Children are often viewed as providing cheap or unpaid labor, and this leads them to become house servants or beggars, and even being recruited into armed gangs. In India, Uttar Pradesh is home to the largest number of child laborers over 6 lakh children.
How did the idea of this campaign germinate. And what is the creative process that goes behind making a film like this?
Seeing little children working to make ends meet is the worst form of pain. But we walk away, without reporting it. I believe that child labor exists because we allow it to exist. It exists because people accept it and make excuses for it. There are no excuses for it. All forms of child labor are unacceptable.
Because there is a global demand for cheaply produced goods means that suppliers have to find the cheapest labor force possible. And often this means children are forced to work. Some years back while going to work, I had once seen a kid waiting for his school bus in the morning.
Only later did I realize, he was just holding the school bag of another child and once the bus came, he handed the bag to the other boy and waved him goodbye. It was the saddest thing ever. It has been haunting me ever since.
What was the stated objective of this flim?
The problem in our country is because of Child Protection laws, organizations cannot ask people to click pictures or geo-tag the location. So the only way is to urge people not to walk away. Not just empathize and feel pity, but to report it. Every one of us needs to report such instances.
In the last few days, a lot of eminent people have shared this film. The message is definitely being noticed. We cannot change the entire society, but even if a few people start reporting, I would like to believe our efforts are paying off.
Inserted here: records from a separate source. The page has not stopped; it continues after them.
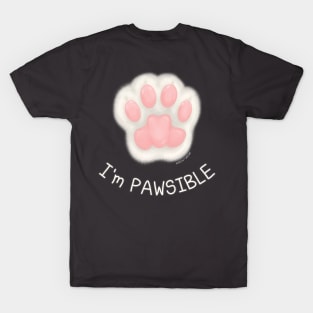 I'm Pawsible - White Cat Paw T-Shirt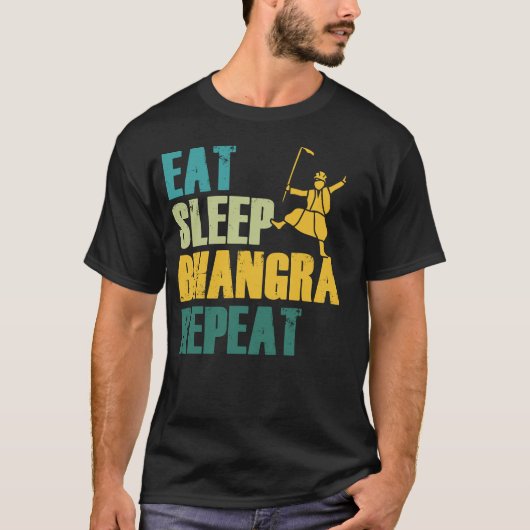 Eat Sleep Bhangra Repeat Funny Dancing Punjabi Tシャツ (正面)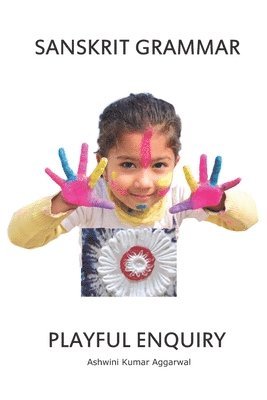 Ashwini Kumar Aggarwal - Sanskrit Grammar Playful Enquiry, Häftad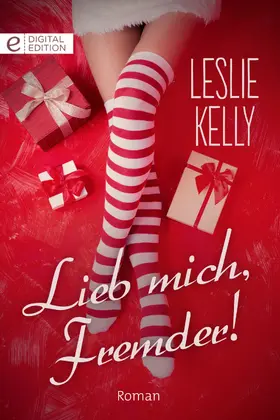 Kelly |  Lieb mich, Fremder! | eBook | Sack Fachmedien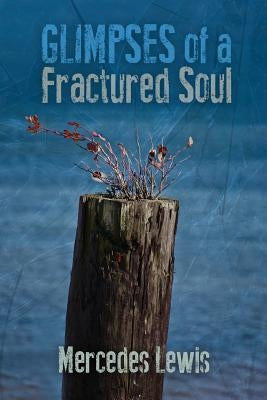 Glimpses of a Fractured Soul by Lewis, Mercedes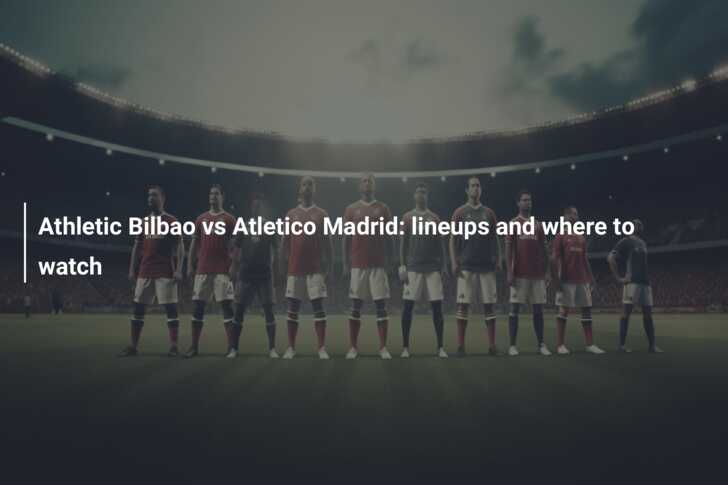 Athletic Bilbao vs Atlético Madrid Preview 29/02/2024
What is the kind of traction this film has achieved so far?
Without any promotion whatsoever, we have seen it getting traction. It has also been shared by various celebrities.
The campaign portrays the harsh reality of thousands of unfortunate children. What are some ways in which we can help such children get their childhood back?
Any child out of school is a child laborer. Remember to report such cases. There are many organizations and helplines available. Please do not click pictures and upload as you may put the child in jeopardy.
A lot of people feel intensely about a cause when they see a well-done piece of communication but soon after, forget about it how can we change this behavior?
To effect real change, the message needs to be pushed continuously. With enough encouragement, a word of mouth chain-reaction will ensure enough conversations start taking place. We cannot afford to become complacent, otherwise, the purpose will be defeated.
Any anecdotes from when you and your team were working on this campaign that you’d like to share with our readers?
Not many people know that the director of the film, Shashanka Chaturvedi, aka BOB, also shot the film. We had put the old Hindi film songs as a placeholder, but SAREGAMA was kind enough to let them use them for this cause. The film was shot in real locations of Delhi to give it an authentic feel.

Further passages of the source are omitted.